■ **TRY IT**
Give back each line of the data exactly as it reads, minus the pictures.

■ **RECORDED DATA**
┏━━

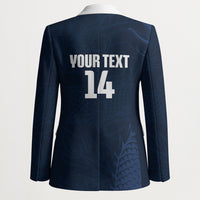 Custom Hong Kong Rugby 2026 Blazer Go Dragon Blue Version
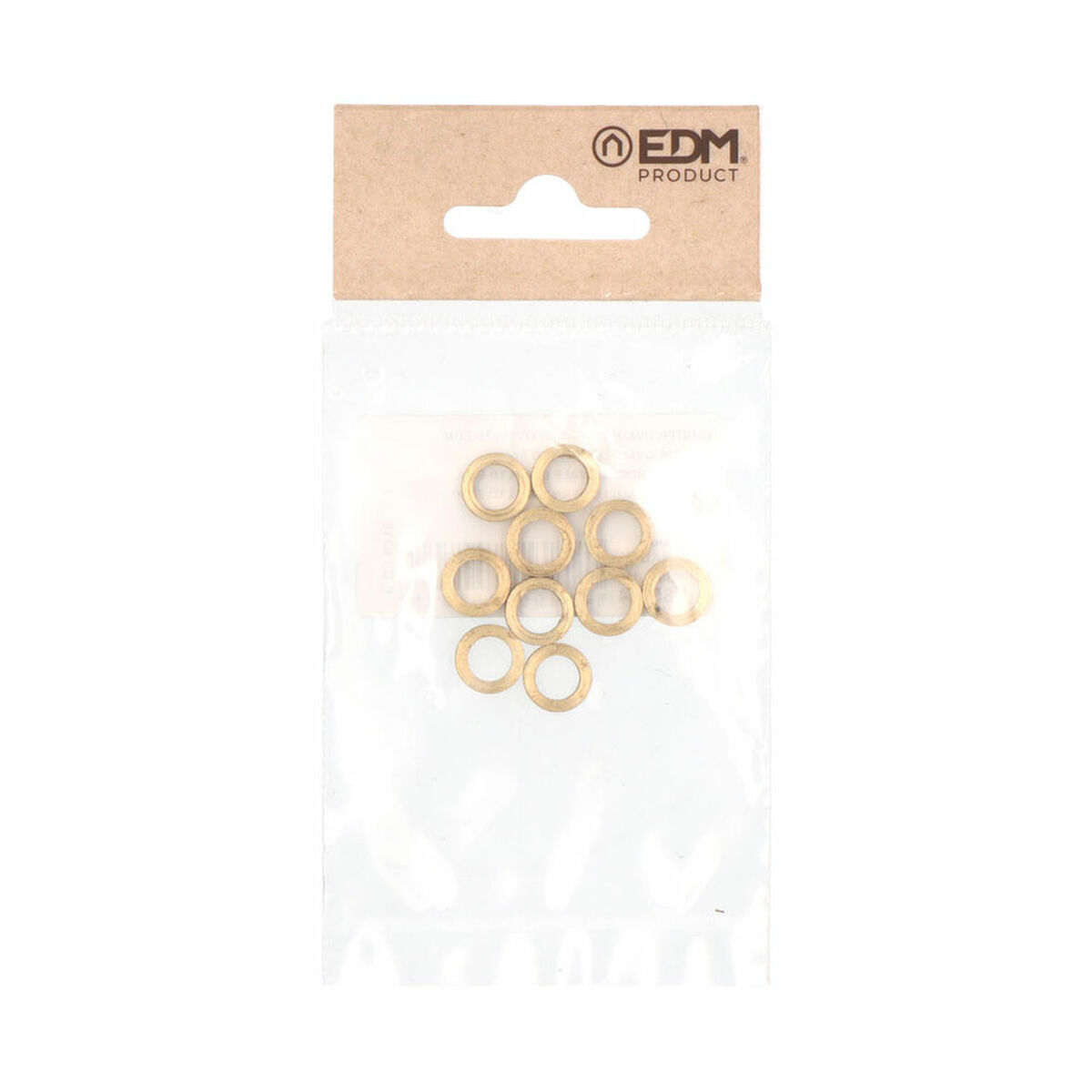 Brickor EDM 85484 OV01 Mässing Ø 10,5 mm Ø 10,5 x 3 mm Oval Gångjärn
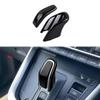 Shift Knob Cover for New Voxy 90 90 10 40 40 Shift Lever Parts Interior Accessories 2 Pieces Hybrid series/Noah series/Sienta series/Alphard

┗━━

■ **ANSWER SECTION**
 Custom Hong Kong Rugby 2026 Blazer Go Dragon Blue Version
 Brickor EDM 85484 OV01 Mässing Ø 10,5 mm Ø 10,5 x 3 mm Oval Gångjärn
 Shift Knob Cover for New Voxy 90 90 10 40 40 Shift Lever Parts Interior Accessories 2 Pieces Hybrid series/Noah series/Sienta series/Alphard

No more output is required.